◆ Goal of the exercise: Take the whole listing and reproduce it exactly, pictures excepted.

START Supplied data

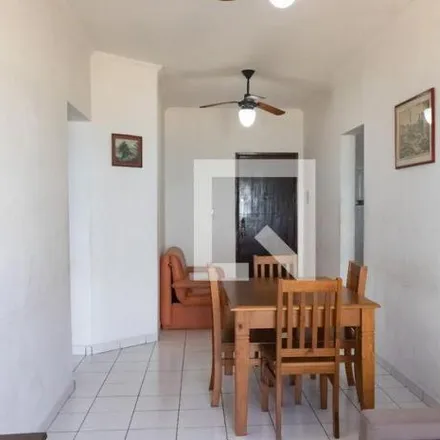 Rent this 2 bed apartment on Rua Sérgio Paulo Freddi in Ocian, Praia Grande - SP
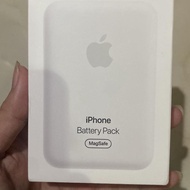 Apple batre pack apple magsafe batre pack original second like new powerbank iphone fast charging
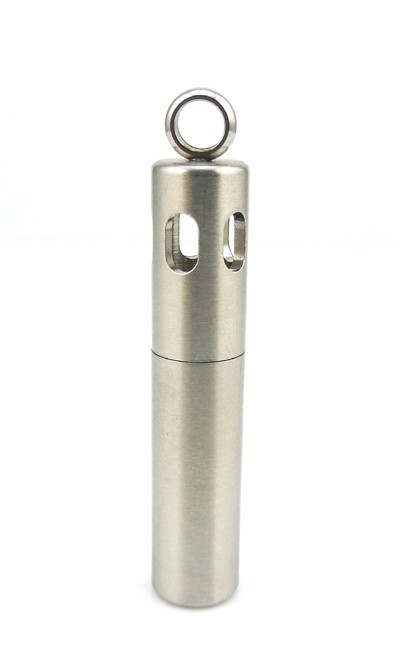 Stainless Steel Aroma Pendant Waterproof Chain - Click Image to Close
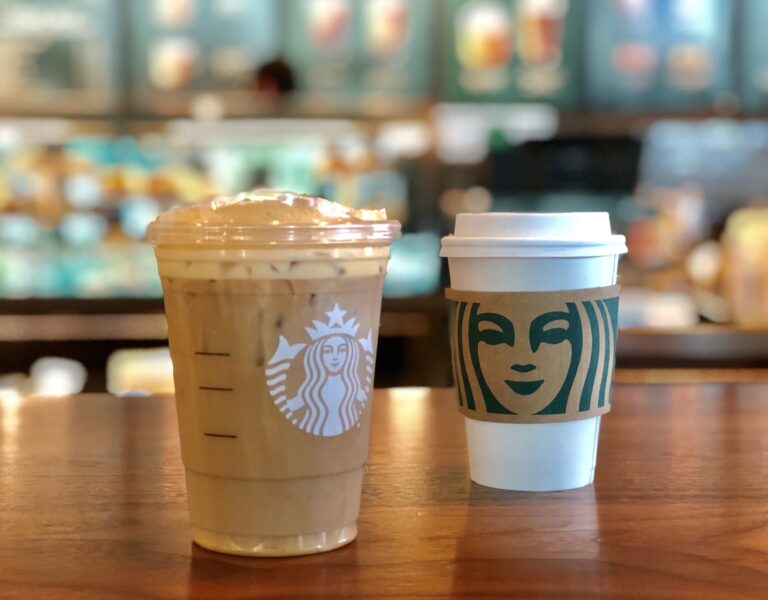 Pumpkin Spice Latte (Grande)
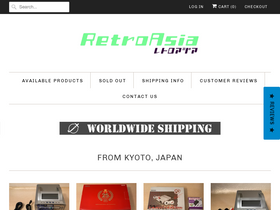 retroasia.com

END Supplied data

◆ Problem solution:
 Rent this 2 bed apartment on Rua Sérgio Paulo Freddi in Ocian, Praia Grande - SP
 Apple batre pack apple magsafe batre pack original second like new powerbank iphone fast charging
 Stainless Steel Aroma Pendant Waterproof Chain - Click Image to Close
 Pumpkin Spice Latte (Grande)
 retroasia.com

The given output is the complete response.